Saturday, May 31, 2014

Portland Women Writers, and me

Hello. I have everything to say, and nothing.

From this time forward, I will misuse commas. Because writing allows you freedom. Once you learn it, you can break the rules. I find some comfort, in the rule-breaking.

In Portland, Oregon, my home for three years, many good women are writing and rule-breaking. They live in this field dominated by men. I should look up whether women writers also earn less on average than men. Or, on second thought, I shouldn't. I should keep writing.

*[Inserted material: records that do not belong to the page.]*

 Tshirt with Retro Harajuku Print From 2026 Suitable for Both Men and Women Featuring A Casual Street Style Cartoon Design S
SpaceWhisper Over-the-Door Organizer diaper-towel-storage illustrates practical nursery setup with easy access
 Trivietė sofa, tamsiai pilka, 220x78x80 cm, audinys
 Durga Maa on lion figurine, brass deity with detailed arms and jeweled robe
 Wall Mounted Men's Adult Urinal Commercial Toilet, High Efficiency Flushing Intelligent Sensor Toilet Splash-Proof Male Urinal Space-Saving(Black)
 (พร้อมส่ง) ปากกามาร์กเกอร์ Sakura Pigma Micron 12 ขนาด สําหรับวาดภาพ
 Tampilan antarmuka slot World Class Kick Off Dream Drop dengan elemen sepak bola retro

These local and accomplished writers -- Ursula K. Le Guin, Cheryl Strayed, and Lidia Yuknavitch -- live in Portland and write. They came together this month to promote the new release of a selected, favorite, out-of-print book. They each picked a book that had touched them and wrote a foreward, then a publishing house bought the rights and reissued the works. (Pharos Editions: The Lists of the Past, a collection of stories by Julie Hayden, chosen by Strayed; The Tattooed Heart & My Name is Rose, two literary novels by Theodora  Keogh, chosen by Yuknavitch; and Crazy Weather, a classic coming-of- age tale set in the American Southwest, the selection of Le Guin.) 
From left: Yuknavitch,Strayed, and le Guin.
Bottom right: Cute blonde, my friend, Fufkin.
At Powell's in Beaverton, May 15.


At the event, each writer spoke about the books, their authors, the publishing business, and why readers are so important (buy from independents!). If I could tap every hour into their strength as true artists, my cup of inspiration would be overflowing.

But my cup is close to empty. If I were a tell-all blogger, you'd understand every nuance of why. When does a writer start thinking her innermost story is the one everyone is interested in reading? Certainly, Cheryl Strayed didn't hold much back in Wild. Lidia laid it all out in Chronology of Water. I'm not them.

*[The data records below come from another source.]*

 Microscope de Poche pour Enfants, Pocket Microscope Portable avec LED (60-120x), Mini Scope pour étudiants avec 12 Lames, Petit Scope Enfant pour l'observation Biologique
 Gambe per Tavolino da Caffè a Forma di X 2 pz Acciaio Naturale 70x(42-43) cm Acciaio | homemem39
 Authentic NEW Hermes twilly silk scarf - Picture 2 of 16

I have many plans unfolding. A long road-trip, a relocation, a resettling. More writing, I'm sure. Close time with good people. In the next few weeks, I say my good-byes to Portland. I release my book. I re-assess.

I have everything to say, and nothing.

4 comments:

  1. Been thinking of you often over the past few months, and wondering about your book coming out. I am sad to hear that you are moving on, having not had the opportunity to meet you more often, but understand at least a glimmering of the back story. Wishing you well in the days to come, and still anticipating holding a copy of your book in my hands one of these days...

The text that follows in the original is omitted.